Nel corso della conferenza stampa di oggi Charles Leclerc ha toccato diversi temi, dalla competitività della Ferrari alle partenze.
La Ferrari sta sorprendendo positivamente in questi test ma è ancora molto presto per fare delle previsioni accurate. La Formula 1 è entrata ufficialmente in una nuova era e sono ancora parecchie le cose da capire e comprendere, per quanto questo stia risultato più difficile del previsto per piloti ed ingegneri. Tornando al Cavallino Rampante, però, la SF-26 sembra essere nata bene e con una buona affidabilità, oltre a soluzioni aerodinamiche molto interessanti con la nuova ala posteriore di oggi.
Charles Leclerc, il quale sarà in pista nella giornata di domani, è stato protagonista della conferenza stampa di oggi toccando temi interessanti. Queste sono state le parole del pilota monegasco: “La Ferrari sembra buona dall’esterno durante i test, ma penso sia ancora troppo presto per trarre conclusioni. Tutti stanno nascondendo il proprio gioco e cercando di far credere che l’altro team sia il più veloce. Non siamo davvero sicuri di dove ci troviamo. Abbiamo provato la maggior parte delle cose che volevamo e penso sia stata una preparazione molto buona per la prima gara. Per quanto riguarda le prestazioni, dovremo attendere la prima qualifica”.
Sul tema legato alle partenze, fondamentale in cui la Ferrari sembra essere in vantaggio sugli altri, ha dichiarato: “La partenza è un momento molto importante della gara e l’abbiamo tenuto in considerazione. È ancora difficile come per tutti, ma forse siamo leggermente avvantaggiati. Sono contento di questo perché in Australia ogni start sarà fondamentale: si possono guadagnare o perdere molte posizioni”.
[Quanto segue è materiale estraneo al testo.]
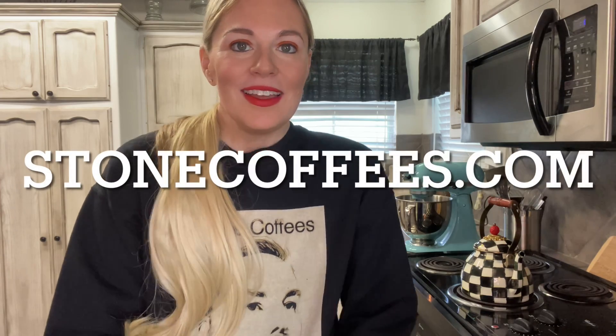I hope that you have enjoyed this review of Stone Coffee's Honduras single origin coffee. To order these or any of the sample packs, just go to stonecoffees.com and order yours today. It's free shipping because nobody likes to pay for shipping. And don't forget to check out our cute merch.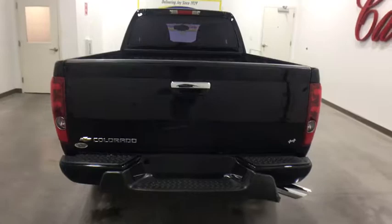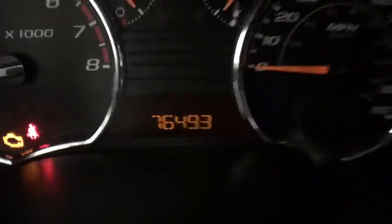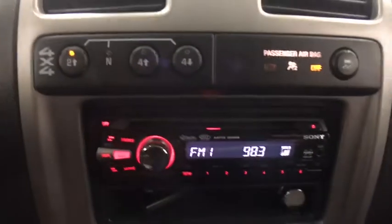Stability control, traction control, anti-lock braking system, Bluetooth, leather-wrapped steering wheel, power steering, adjustable steering wheel, floor mats, cruise control, four-wheel drive, AM-FM stereo radio, fog lamps, passenger airbag.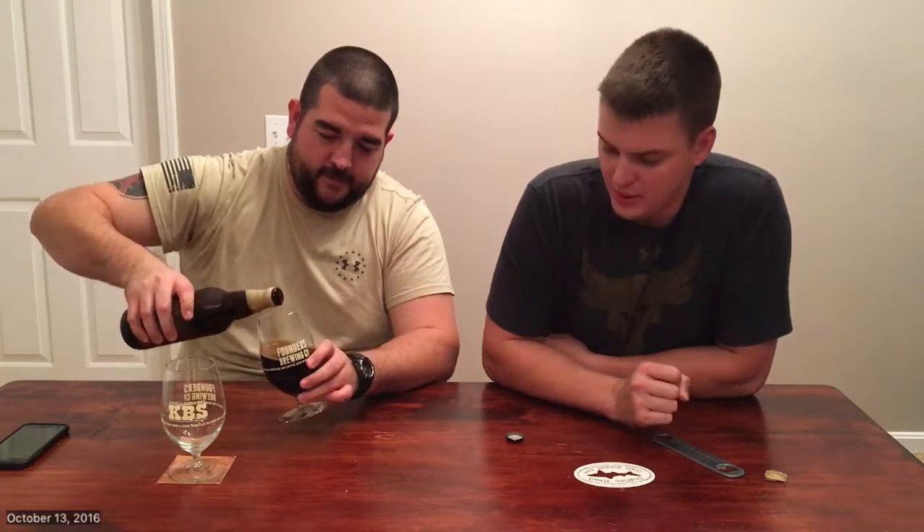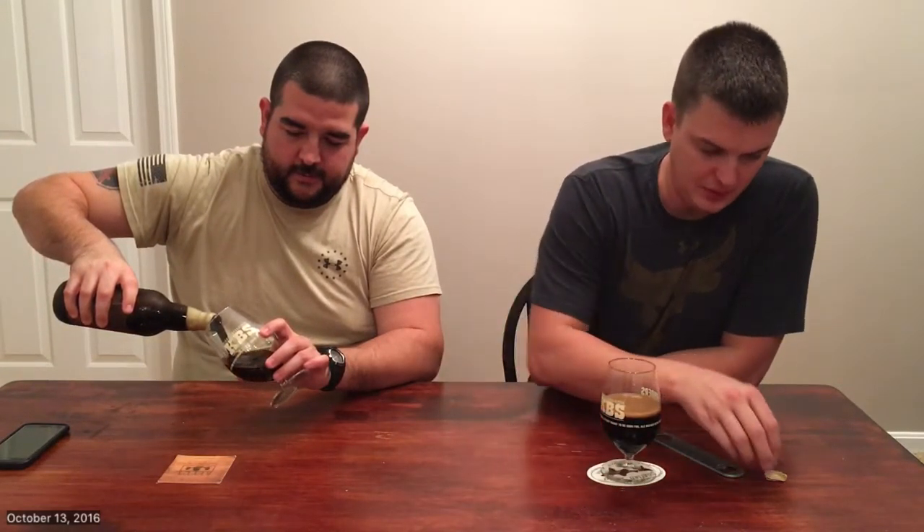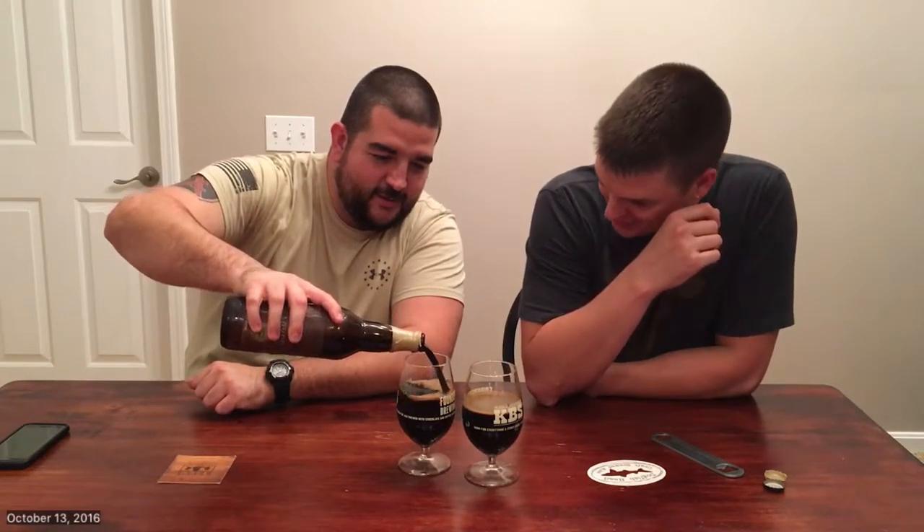Alright, let's do the honors. This was about 20 bucks, and it's 12% ABV.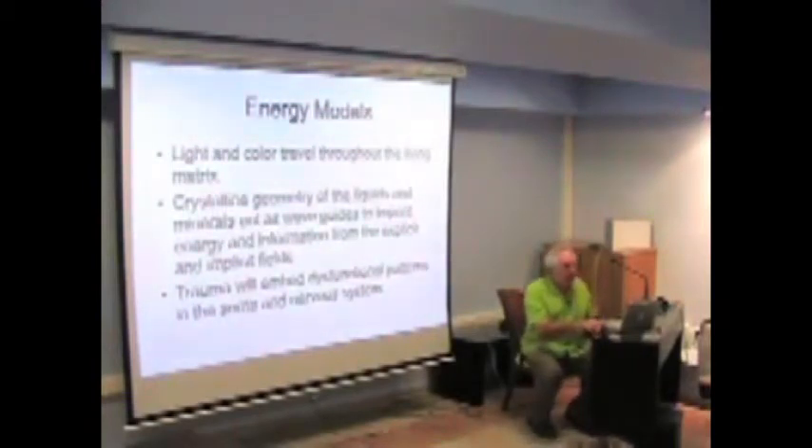Trauma embeds dysfunctional patterns into the body and nervous system, and that's what we see with kids. Most of them have trauma of some sort — it can be falling and hitting their head, having a series of ear infections, high fevers, emotional stress, upset in the family, divorce, or separation. All of these things cause imbalances in the autonomic nervous system and set up dysfunctional patterns throughout the system.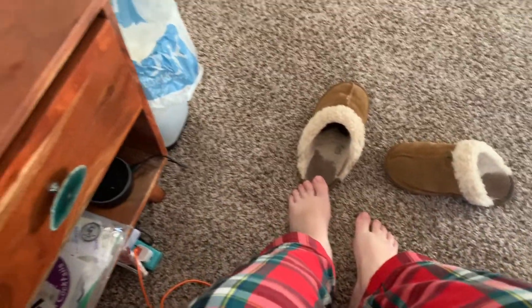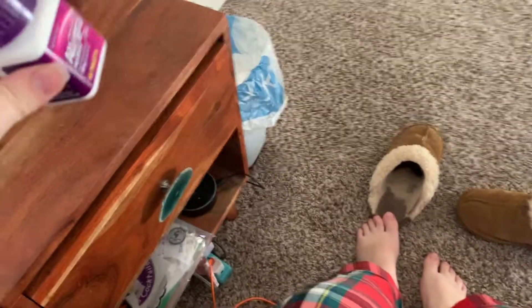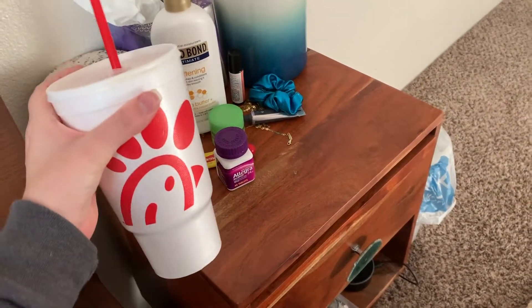The first thing I usually do in the morning is take my Allegra because I have the worst allergies ever. I just took that off camera and we're gonna chug some water — yes, it's in a Chick-fil-A cup. Yes, I have problems.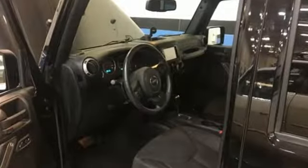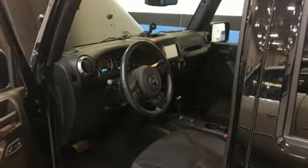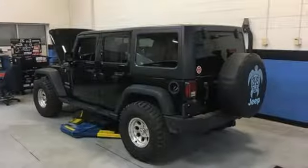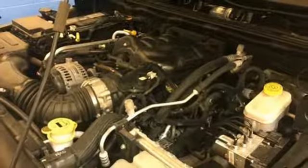It comes nicely equipped with features you'll love: manual transmission, air conditioning, auxiliary audio input, multifunction steering wheel, and AM-FM stereo radio.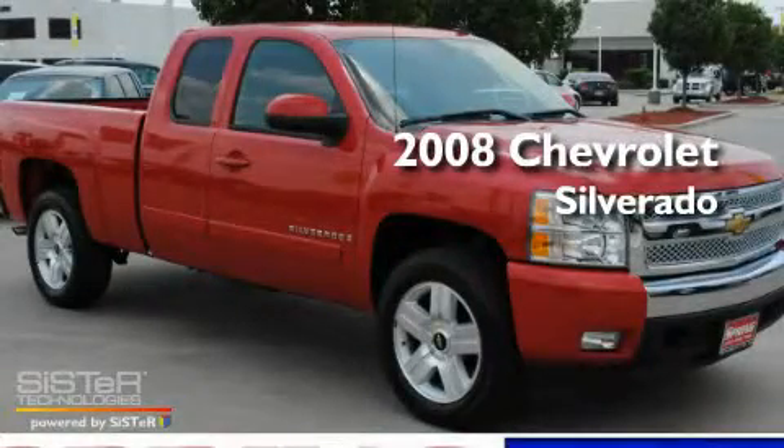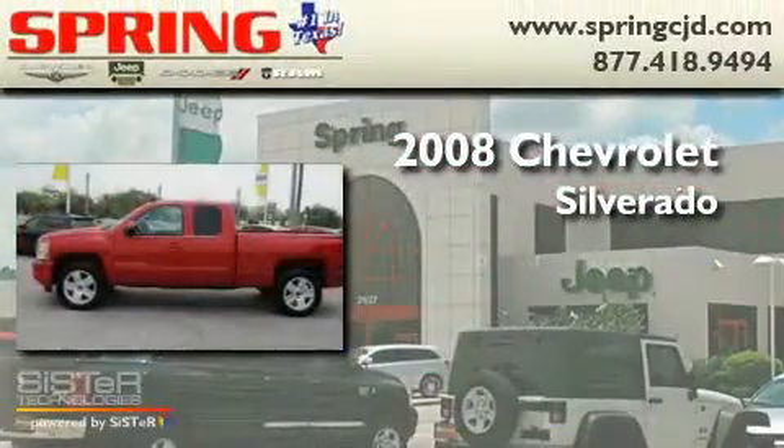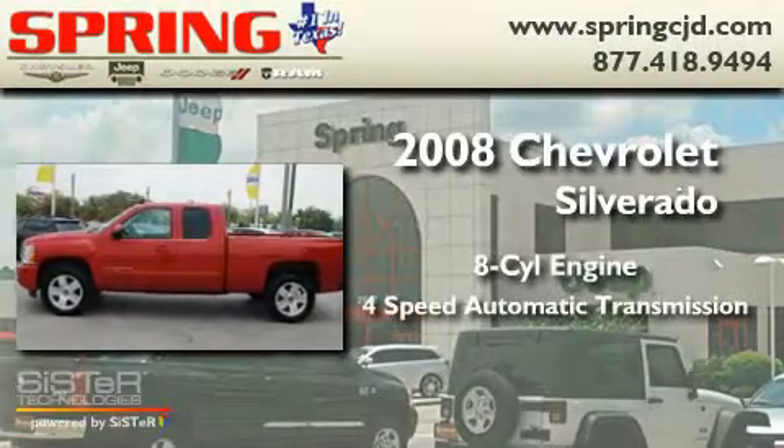This is a 2008 Chevrolet Silverado. It has an eight-cylinder engine and a four-speed automatic transmission.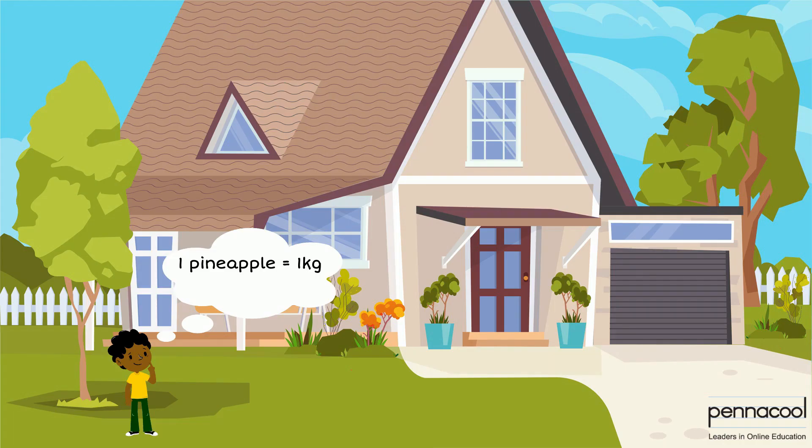He goes back home with the items and tries to compare the mass of the items around the house to one kilogram. He first lifts his iPhone 12. He determines that it was not as heavy as the pineapple, therefore it has a mass that is less than one kilogram.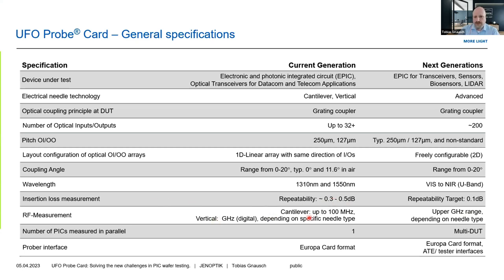Regarding RF measurements, due to the vertical needle we can address all measurement frequencies that the electrical probe card is actually capable of — that is why we cooperate with probe card manufacturers. Currently for cantilever, it's just in the DC range, with a few hundred megahertz possible. For vertical needle technology, it can go into the gigahertz domain.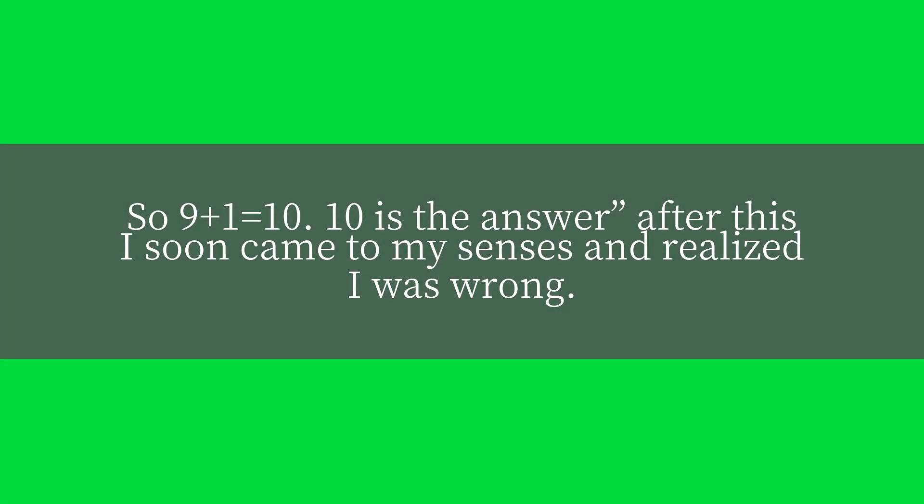So nine plus one is equal to ten. Ten is the answer. After this I soon came to my senses and realized I was wrong.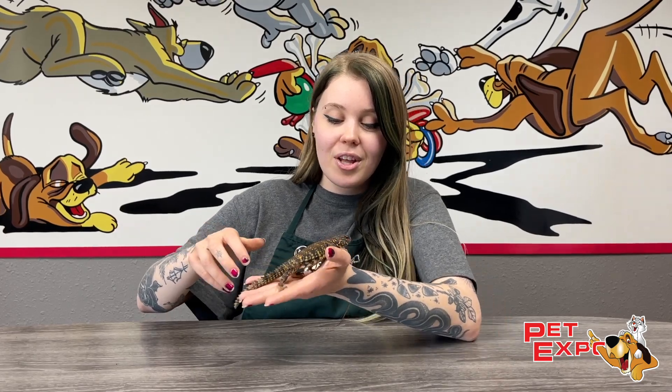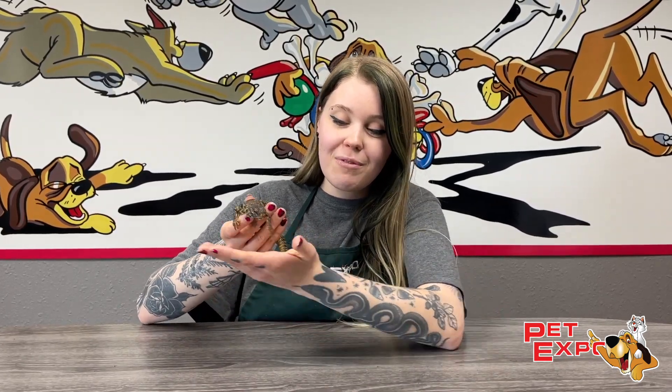She's a really cute one. They're native to North Africa and they're found in other different places, but she's been a really fun treat to have here at Pet Expo. So definitely come get Pokey today! Bye!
Sulla possibilità di aumentare il numero di Sprint Race (passando dalle attuali 6 a 12) Leclerc ha aggiunto: “Mi piacciono le sprint, ma credo che debbano rimanere una minoranza delle gare. Se in futuro diventassero uno standard, non sarebbe l’ideale, o almeno a me non piacerebbe così. Comunque guiderò e mi adatterò, ma sei sprint mi sembrano il numero giusto”.